An infectious disease that afflicts cattle all over the world is particularly devastating because it can inhibit the animals’ immune systems. In a new study from Hokkaido University, the National Agriculture and Food Research Organization (NARO), and Tohoku University in Japan, researchers identify the molecular culprits responsible for this disease’s infectiousness.
Johne’s disease is a contagious, chronic bovine disease that is usually fatal. Massive outbreaks of the disease in countries all over the world cause huge problems for cattle farmers. The disease is caused by Mycobacterium avium, which is related to the bacteria that cause leprosy and tuberculosis. Affected cows first show signs of weight loss and diarrhea with normal appetite; swelling under the jaw occurs several weeks after that, after which animals don’t live very long. Cows found to have the disease are killed before they can spread the disease to other animals. Vaccines and other preventative methods have not been successful.

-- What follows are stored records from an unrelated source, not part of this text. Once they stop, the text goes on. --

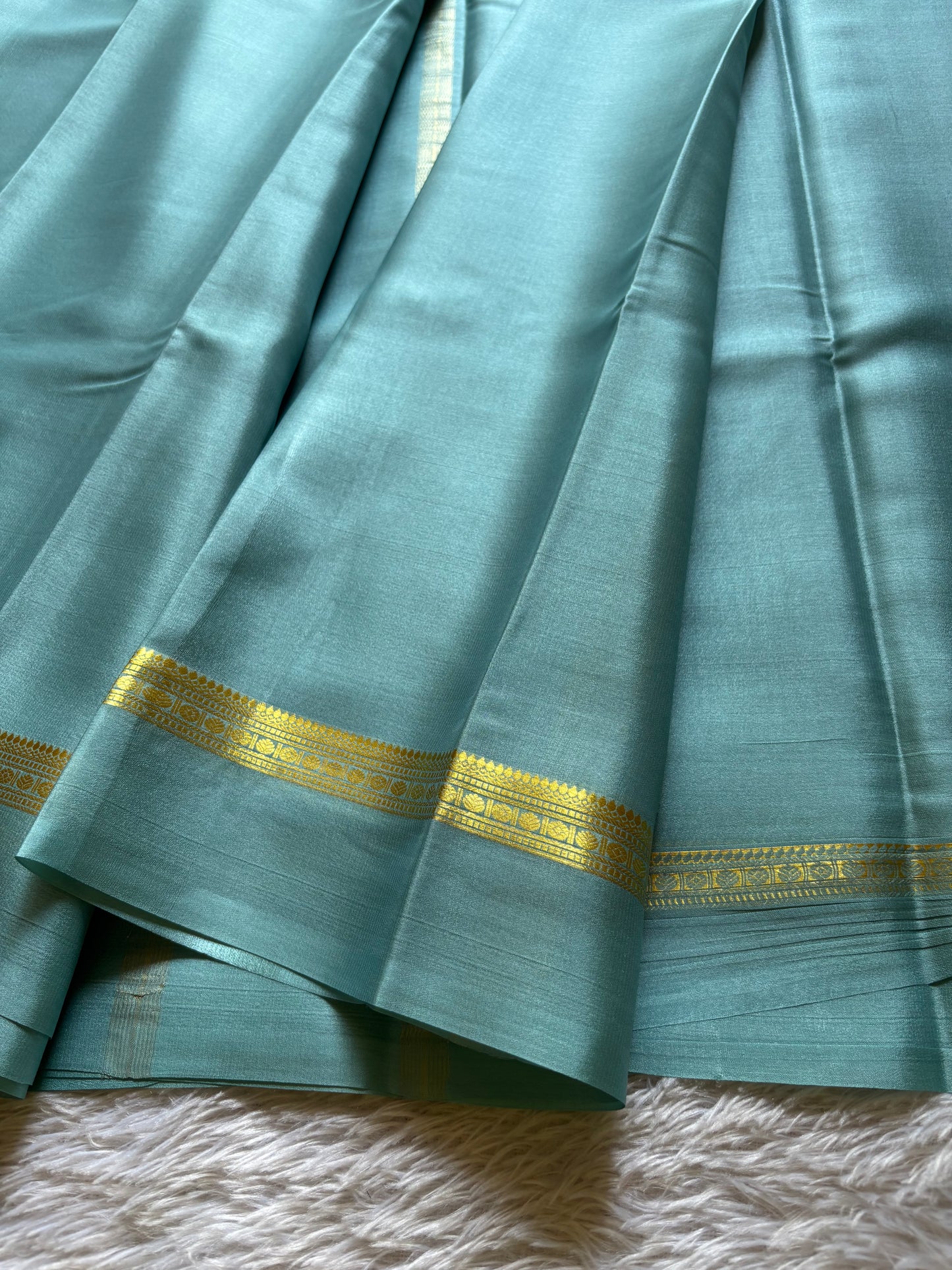 Shambhavi : Solid Powder blue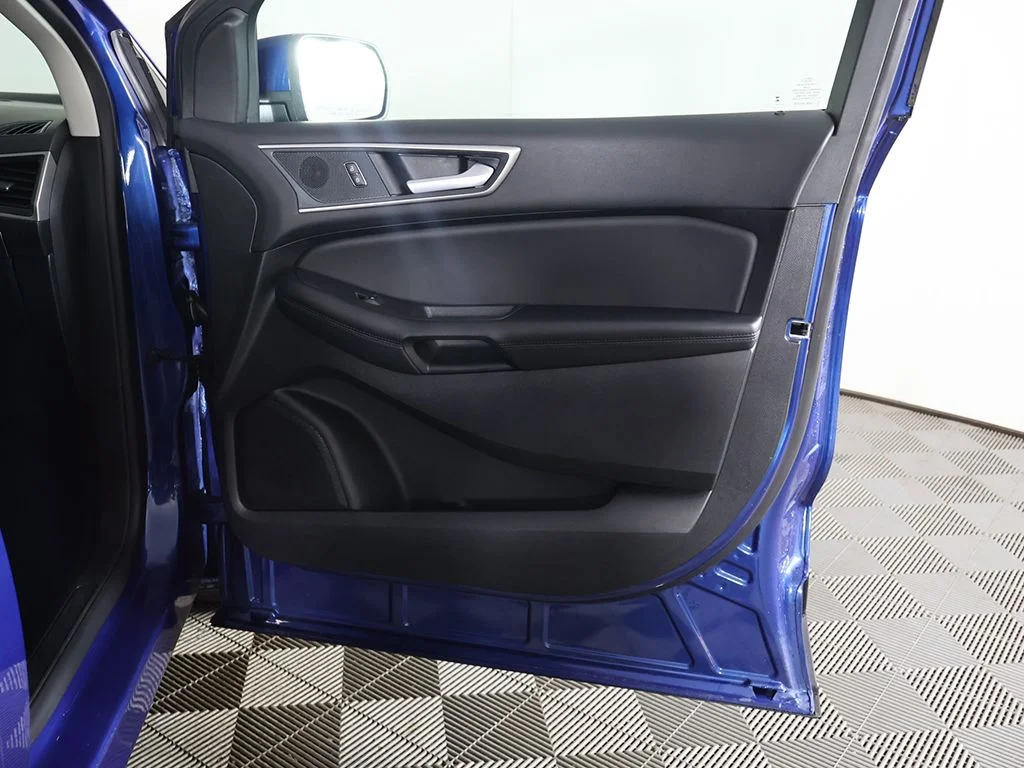 Used 2024 Blue Ford SEL image 20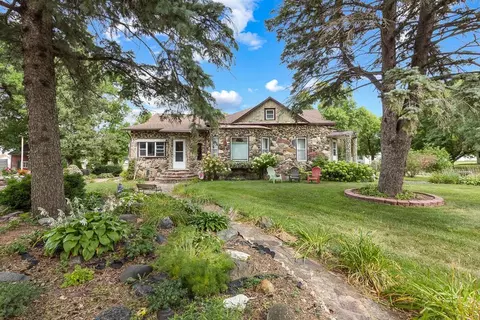 Exterior - 200 N Park St, Hendricks, MN 56136 photo 4 of 55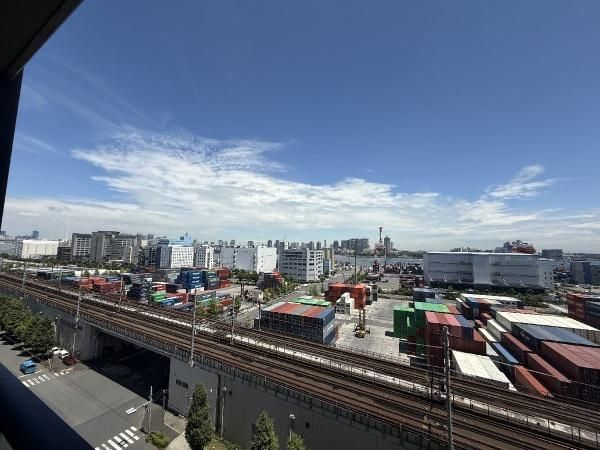 Shinagawa East City Tower 2LDK Apartment for Sale in Tokyo - Thumbnail 4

In the new study, researchers chose to analyze a common metabolite of arachidonic acid, called prostaglandin E2 (PGE2), levels of which increase in cattle with Johne’s disease. PGE2 is controlled by cyclooxygenase (COX) enzymes, and it is involved in increasing vascular permeability, fever generation, and hyperalgesia (increased sensitivity to pain) during inflammation.
From their analysis of immune cells isolated from infected cows, researchers found that PGE2 impairs the immune response by upregulating expression of a molecule called programmed death-ligand 1 (PD-L1). This molecule can block activity of the immune system when it would normally launch an attack against the invading pathogen. Additionally, researchers discovered that PGE2 suppresses T cells, key players in the immune system during a pathogenic attack.
"Our data suggests that immunosuppressive effects of PGE2 are strongly connected to the progression of Johne's disease," explained Hokkaido University’s Satoru Konnai. "We plan to conduct clinical trials to verify how the COX-2 inhibitor and anti-PD-L1 antibodies boost immune responses in cattle with Johne's disease, in addition to examining the roles of PGE2 in cattle afflicted with other diseases."
Konnai and others are hoping that their findings will improve prevention techniques for Johne’s disease. For example, inhibiting cyclooxygenase-2 (COX-2) boosts the immune response to Johne’s disease, as COX-2 is vital for the production of PGE2. Researchers could also block PD-L1.
The present study was published in the journal Infection and Immunity.